--- Task brief ---
Every line from the one containing "Picture 20 markkaa 1879 year S" down to the last line of the listing below should be restated exactly, and nothing else.

[Opening Source data section]

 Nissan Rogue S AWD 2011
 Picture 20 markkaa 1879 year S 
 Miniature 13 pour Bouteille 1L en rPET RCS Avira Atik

[Closing Source data section]

--- Answer ---
 Picture 20 markkaa 1879 year S 
 Miniature 13 pour Bouteille 1L en rPET RCS Avira Atik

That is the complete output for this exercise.